Supplied records
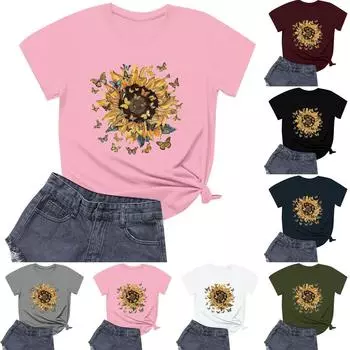 Женская модная повседневная футболка с круглым вырезом и короткими рукавами S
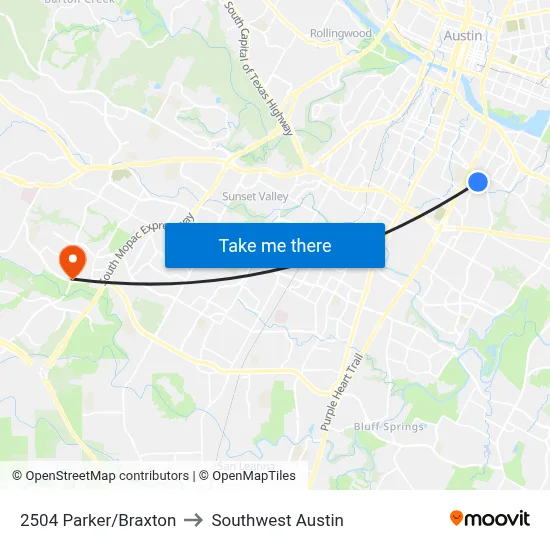 2504 Parker/Braxton to Southwest Austin map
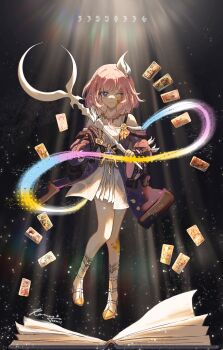1girl absurdres amphoreus_(honkai:_star_rail) bare_shoulders blood_on_cheek blue_eyes book card ceremonial_blade_(honkai:_star_rail) chinese_commentary coat commentary_request cyrene_(aedes_elysiae)_(honkai:_star_rail) cyrene_(honkai:_star_rail) dress gold_blood highres holding holding_staff honkai:_star_rail honkai_(series) jewelry luyinli39 mobius_strip necklace one_eye_closed open_book pink_hair purple_coat sandals solo staff tarot tarot_card white_dress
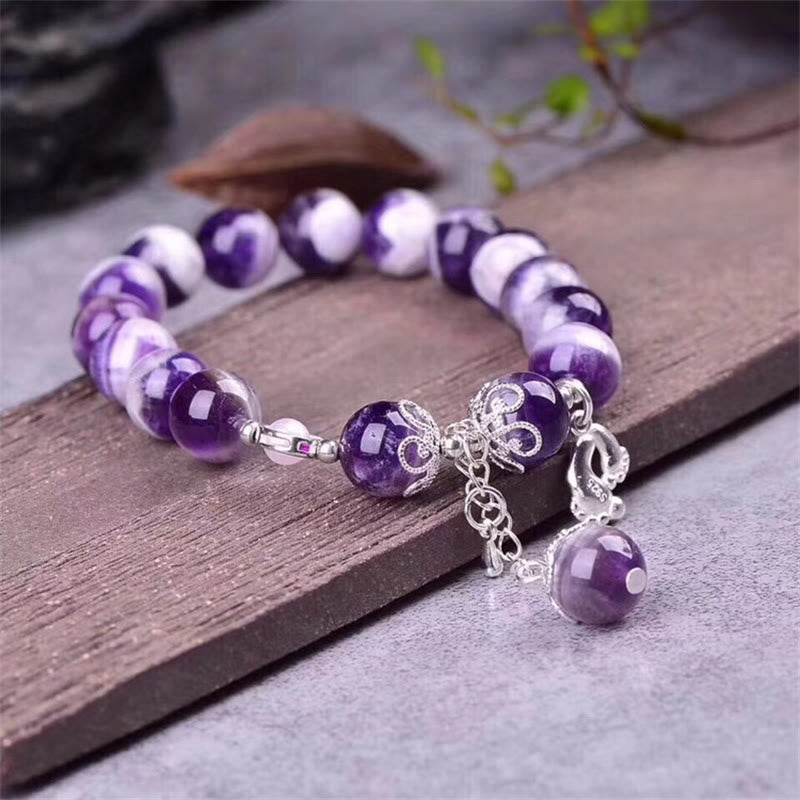 Stone of buddha 925 Sterling Silver Natural Amethyst Healing Feet Love Heart Charm Bracelet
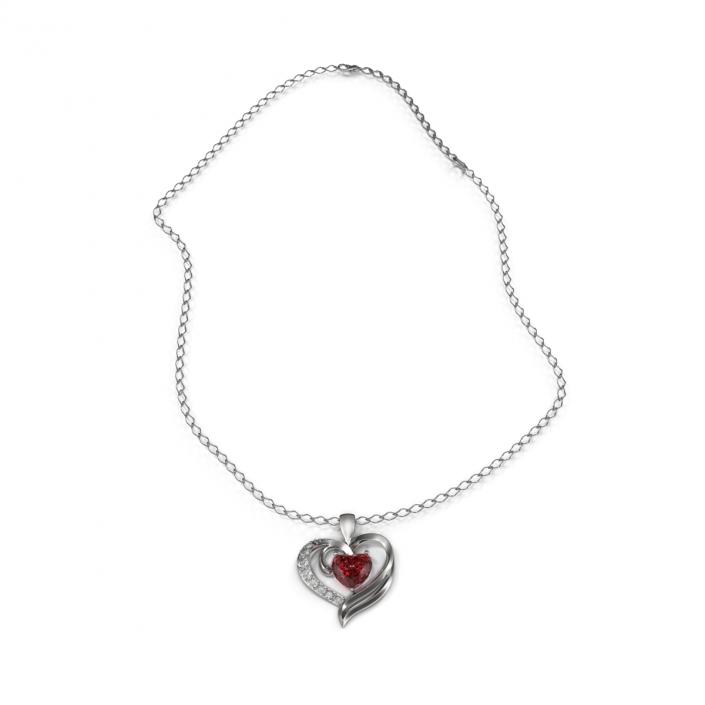 3D Ruby Heart Necklace and Chain Rigged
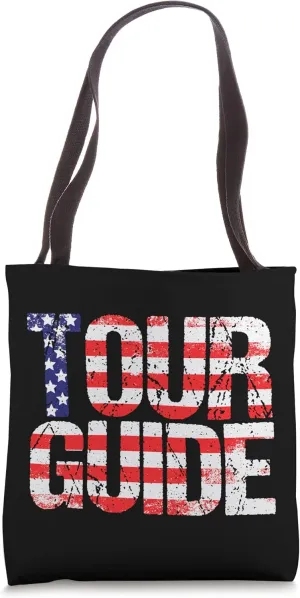 Tour Guide USA Flag Patriotic Travel Guide Tote Bag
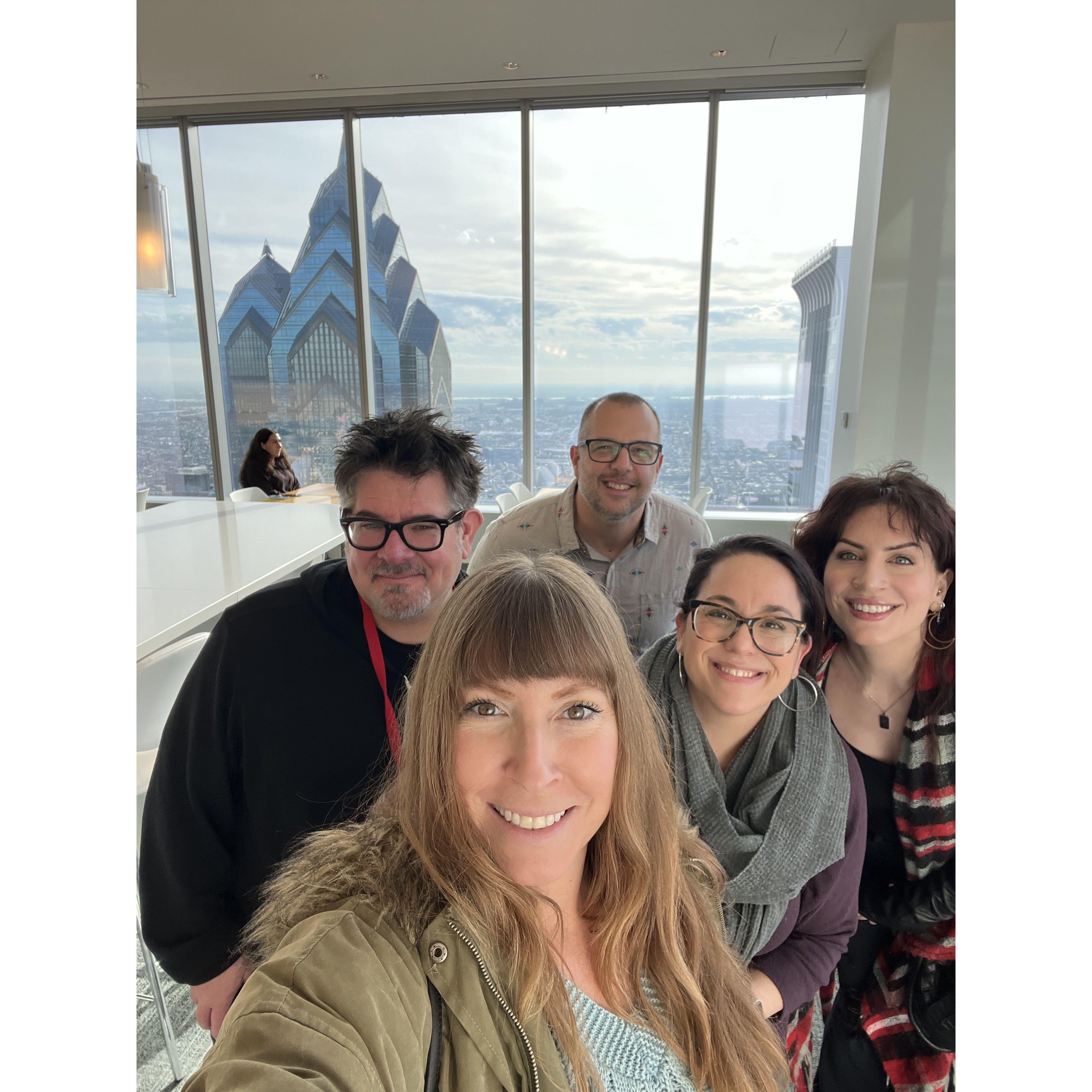 Joe brings his friends to work day! Comcast Building, Dave, Dana, Joe, Rachel and Madeline.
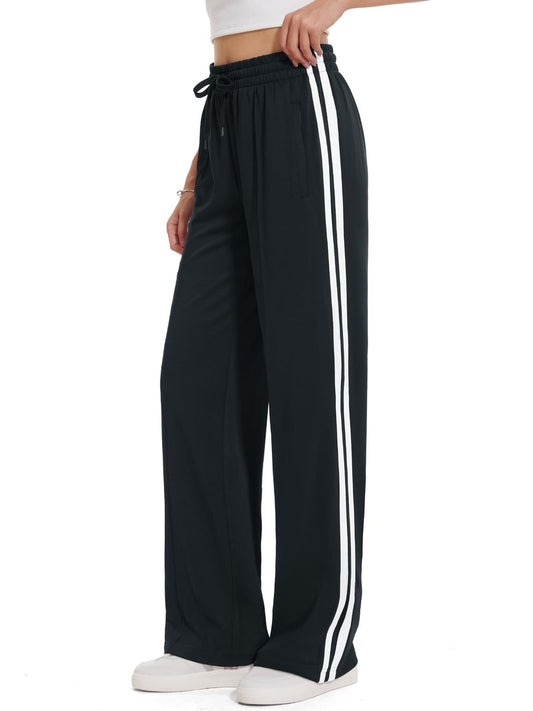 Tapata Women's 32" Inseam Long Track Pants Loose Straight Leg Jogging Sweatpants Warm-Up Sports Athletic Running, Black, XL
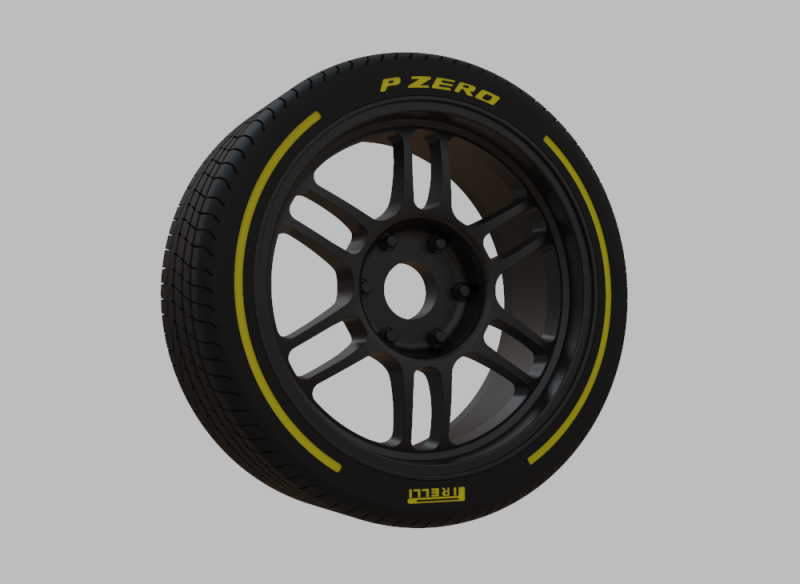 Miniature Enkei RPT1 Rim Tire - 3D Print - No Textures 3D Print Model .c4d .max .obj .3ds .fbx .stl .blend 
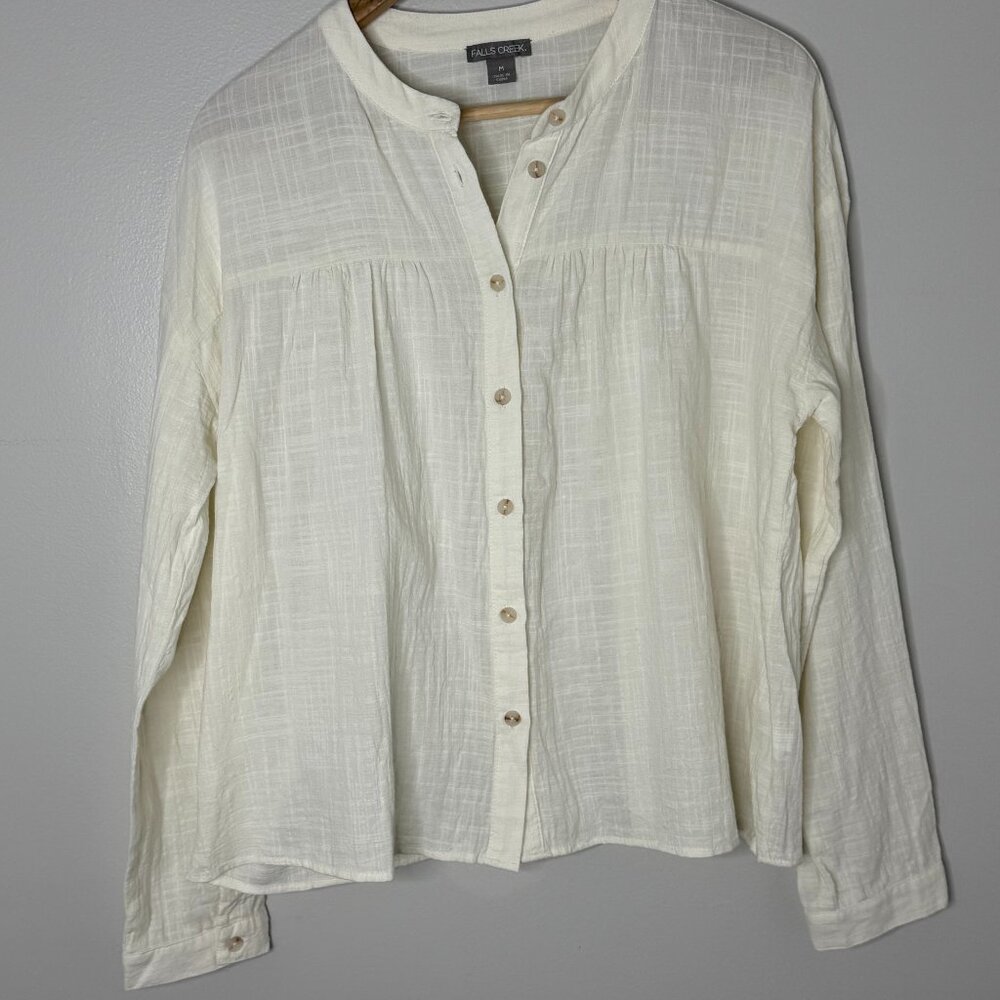 Falls Creek Women's Size Medium Cream Button Down Blouse Coastal Beach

Directions for this task
Apart from the images, every line above needs to be printed again exactly.

Answer space
 Женская модная повседневная футболка с круглым вырезом и короткими рукавами S
 2504 Parker/Braxton to Southwest Austin map
1girl absurdres amphoreus_(honkai:_star_rail) bare_shoulders blood_on_cheek blue_eyes book card ceremonial_blade_(honkai:_star_rail) chinese_commentary coat commentary_request cyrene_(aedes_elysiae)_(honkai:_star_rail) cyrene_(honkai:_star_rail) dress gold_blood highres holding holding_staff honkai:_star_rail honkai_(series) jewelry luyinli39 mobius_strip necklace one_eye_closed open_book pink_hair purple_coat sandals solo staff tarot tarot_card white_dress
 Stone of buddha 925 Sterling Silver Natural Amethyst Healing Feet Love Heart Charm Bracelet
 3D Ruby Heart Necklace and Chain Rigged
 Tour Guide USA Flag Patriotic Travel Guide Tote Bag
 Joe brings his friends to work day! Comcast Building, Dave, Dana, Joe, Rachel and Madeline.
 Tapata Women's 32" Inseam Long Track Pants Loose Straight Leg Jogging Sweatpants Warm-Up Sports Athletic Running, Black, XL
 Miniature Enkei RPT1 Rim Tire - 3D Print - No Textures 3D Print Model .c4d .max .obj .3ds .fbx .stl .blend 
 Falls Creek Women's Size Medium Cream Button Down Blouse Coastal Beach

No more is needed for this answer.